Each entry below must come back exactly as written, without its pictures.

# Dataset
::::

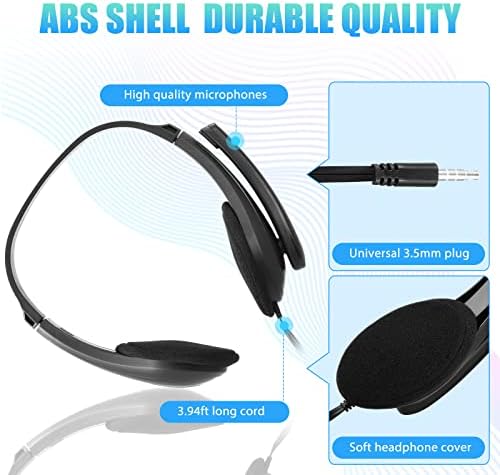 Yunsailing 20 Pack Classroom Headphones with Built-in Microphone – Premium On-Ear Wired Student Earphones for Superior Sound Quality and Seamless Compatibility with Computers, Laptops, and Mobile Devices – Perfect for Educational Settings and Professional Environments (White)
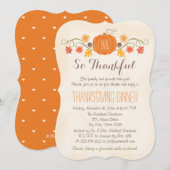 Floral Pumpkin Monogrammed Thanksgiving Dinner Kaart (Voorkant / Achterkant)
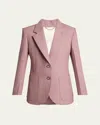 Victoria Beckham Womens Mauve Single-breasted Notch-lapel Wool-blend Blazer In Pink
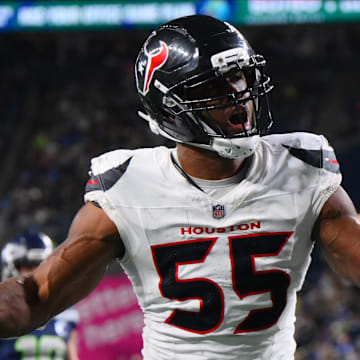 Oct 20, 2025; Seattle, Washington, USA; Houston Texans defensive end Danielle Hunter (55) celebrates after a fumble recovery touchdown during the third quarter against the Seattle Seahawks at Lumen Field. Mandatory Credit: Steven Bisig-Imagn Images
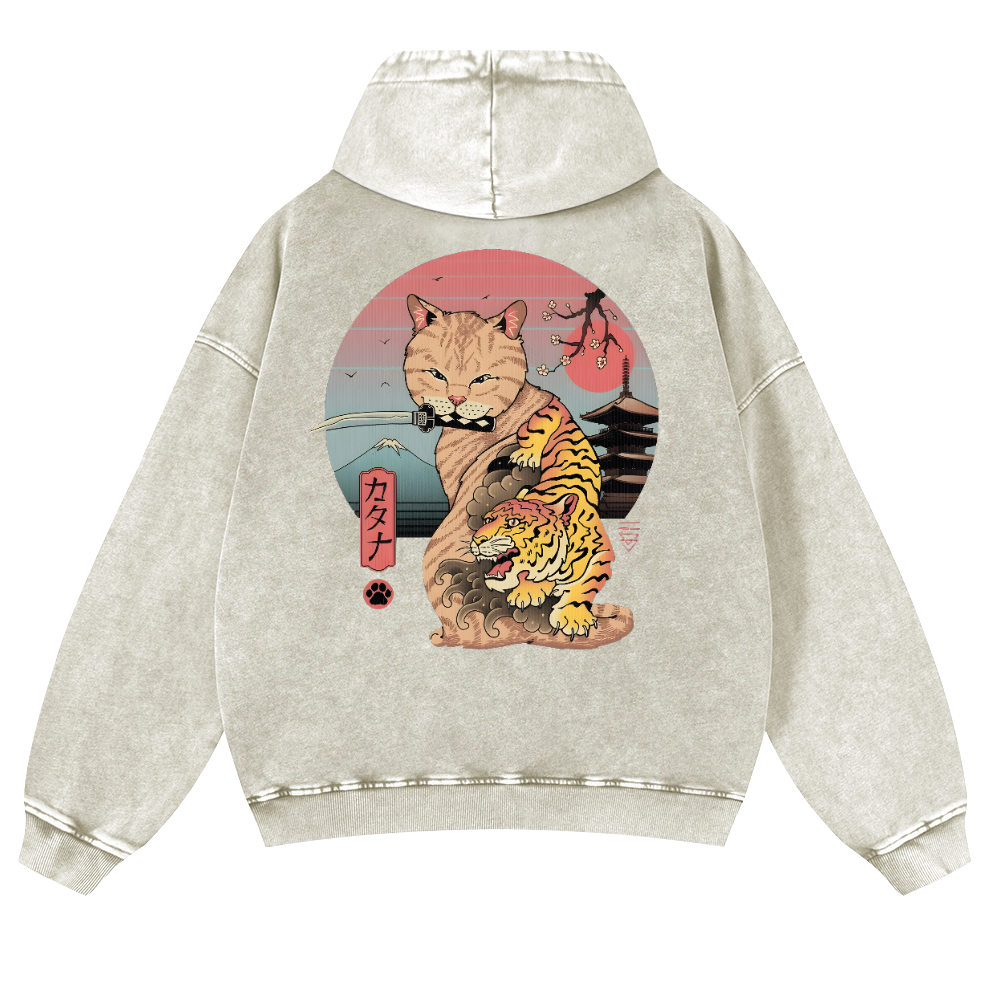 Japanese Cat Tiger Vintage Washed Cotton Back Art Hoodie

::::

# Written reply
 Yunsailing 20 Pack Classroom Headphones with Built-in Microphone – Premium On-Ear Wired Student Earphones for Superior Sound Quality and Seamless Compatibility with Computers, Laptops, and Mobile Devices – Perfect for Educational Settings and Professional Environments (White)
 Floral Pumpkin Monogrammed Thanksgiving Dinner Kaart (Voorkant / Achterkant)
 Victoria Beckham Womens Mauve Single-breasted Notch-lapel Wool-blend Blazer In Pink
 Oct 20, 2025; Seattle, Washington, USA; Houston Texans defensive end Danielle Hunter (55) celebrates after a fumble recovery touchdown during the third quarter against the Seattle Seahawks at Lumen Field. Mandatory Credit: Steven Bisig-Imagn Images
 Japanese Cat Tiger Vintage Washed Cotton Back Art Hoodie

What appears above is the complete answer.